- Your task -
What is needed is an exact copy of the whole listing below, with no pictures.

- Input data -
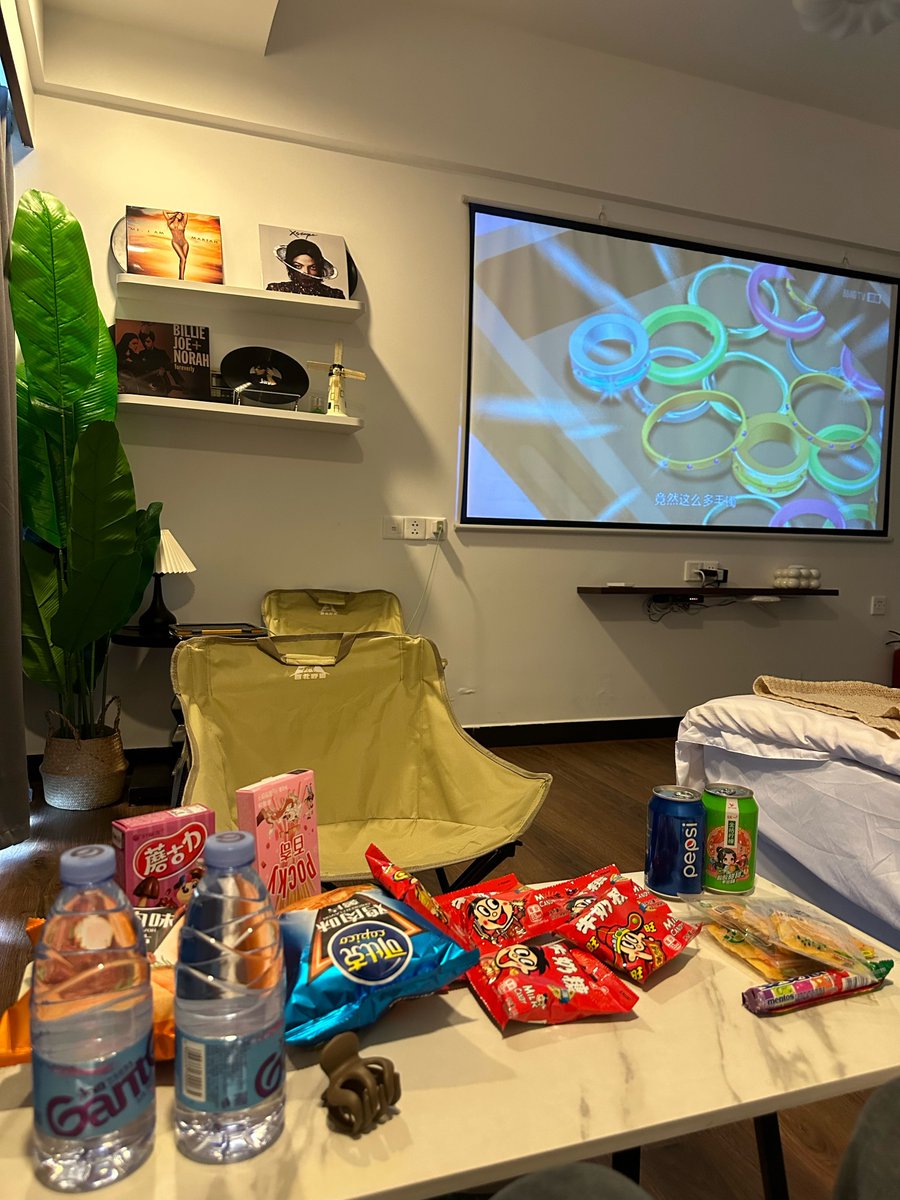 DarronInverso's tweet photo. Hoy me quedé en casa viendo una película cálida, y el corazón se siente ligero como una pluma. https://t.co/YL10RfVvpt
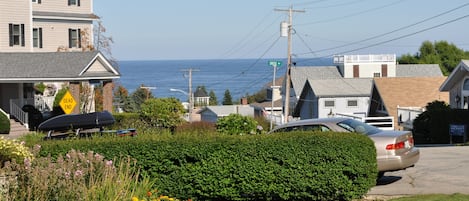 Ocean views and the beach is minutes away.....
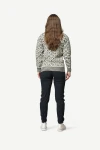 Devold Svalbard Wool Zip Neck, kolor: Offwhite/Grey - prezentacja na modelce - tył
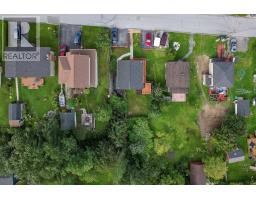 9 Farmdale Road thumbnail 15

- Completed exercise -
 DarronInverso's tweet photo. Hoy me quedé en casa viendo una película cálida, y el corazón se siente ligero como una pluma. https://t.co/YL10RfVvpt
 Ocean views and the beach is minutes away.....
 Devold Svalbard Wool Zip Neck, kolor: Offwhite/Grey - prezentacja na modelce - tył
 9 Farmdale Road thumbnail 15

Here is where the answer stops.